Inclusive, liberal Catholic and post-evangelical Christians characterise their movements as motivated by a rethink of theology (questioning archaic dogmas), and extending the scope of social justice (centred on liberation and equity). Less often admitted is the extent to which liberal Christianity is motivated by a very personal angst about one’s own past.
Liberal-minded Christians who grew up in conservative evangelical, Pentecostal and traditionalist Catholic churches are likely to have encountered teachings and pastoral approaches they now find narrow and exclusionary, and a church culture they now shudder at.
Of course, revisiting and interrogating earlier expressions of faith is entirely healthy. Real faith is self-critical and unafraid of hard questions.
But a determined flight from hurt or shame in childhood can leave people vulnerable to looking for healing and redemption in dodgy places (a classic trope is the ex-Catholic drawn into a cult).
It was natural that a Christian movement dedicated to inclusion, and in reaction to a narrow faith from the past, would reach for today’s cultural icon of inclusion, the drag queen, and make them centre stage. The presence of a drag queen adds a halo of warm inclusivity; it blows a raspberry at the puritanical pastor or prejudiced priest from the past. It tells the world, ‘I’ve broken free’.
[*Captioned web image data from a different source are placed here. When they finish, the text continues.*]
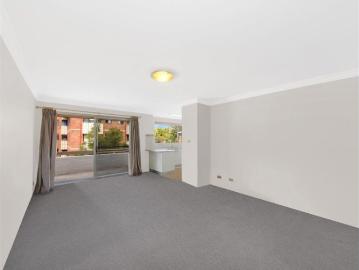 Well Maintained Spacious Apartment in Double Brick Complex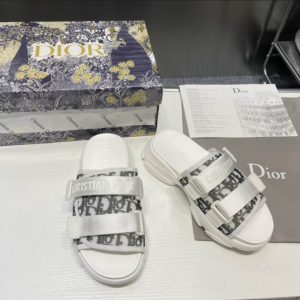 Premium D-wander Slides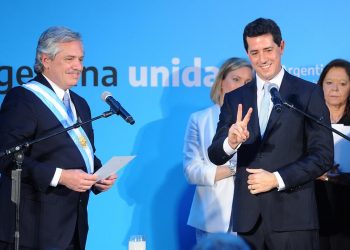 El ministro del Interior argentino presenta su renuncia tras la derrota electoral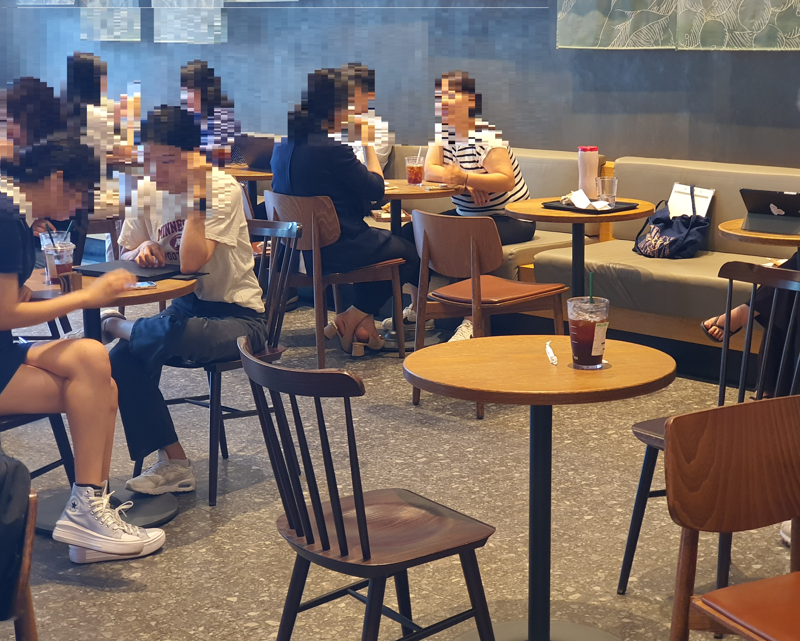 [르포]플라스틱 빨대 재도입한 스타벅스… 편의성이냐, 환경 가치냐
For a certain type of liberal-minded Christian, the drag queen represents faith in the creative, limitless possibilities of the liberated self; freedom from legalism and judgement; the possibility of a life unburdened from shame.
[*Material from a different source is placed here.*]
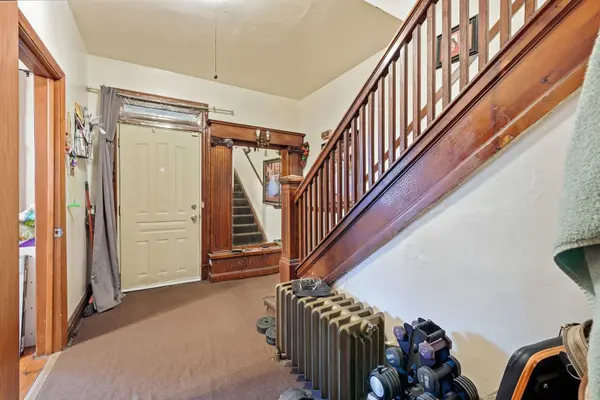 6435 S ARTESIAN AVE, Chicago, IL 60629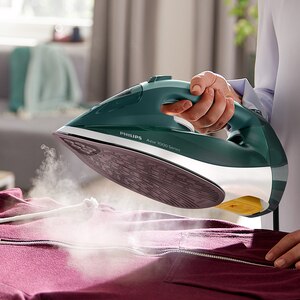 Fier de calcat PHILIPS Seria 7000 DST7031/70, 2800W, 250g/min, 300ml, talpa SteamGlide Plus, verde-alb Fier de calcat PHILIPS Seria 7000 DST7031/70, 2800W, 250g/min, 300ml, talpa SteamGlide Plus, verde-alb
When conservative Christians slammed the drag Lord’s Supper, they were unwittingly blaspheming against a redemptive icon of today’s progressive church: the new Queen of Heaven.
What we saw in Paris was a globally televised celebration of Dark Enchantment. In my forthcoming book Living In Wonder (pre-order here from Amazon, or click here to order a personalized copy exclusively from Eighth Day Books), I talk about how the world is becoming re-enchanted whether we see it or not, and that re-enchantment does not mean exclusively Christian re-enchantment. If we Christians do not find our way to a way of re-enchanting our experience of God, we risk losing our children to neo-pagans (I use the term loosely) who offer an experience of enchantment.
In the book, I cite Jonathan Pageau as a prophetic guide to understanding the moment, and navigating through it as a Christian. Though Pageau is Orthodox, his insights are vital for all Christians, and even non-Christians who nevertheless seek to resist cultural disintegration and dark enchantment. From Living In Wonder:
“Materialism has played itself out,” Pageau tells me. “After World War II, the philosophical materialists and reductionists claimed they could explain everything in terms of purely material reasons. But you can’t do that with consciousness. People have begun to see that there is a necessary patterning to reality, a patterning that seems to have something to do with our capacity to perceive reality and to participate in it consciously.”
For all its gifts, science alone can’t offer any of us a reason to live, or the patterns by which we must live, if we are to flourish. In Pageau’s view, much of contemporary Christianity (he came to Orthodoxy from evangelicalism) lacks the mythological depth to be an island of meaning in the storm-tossed sea of liquid modernity. On the other hand, ancient Orthodoxy has preserved a framework of imagination and practices through which time and place are patterned and made sacred. In the twenty-first century, Orthodox Christianity resembles the primitive forms of faith discussed by Mircea Eliade—and therein lies its particular power to speak to the post-Christian modern world.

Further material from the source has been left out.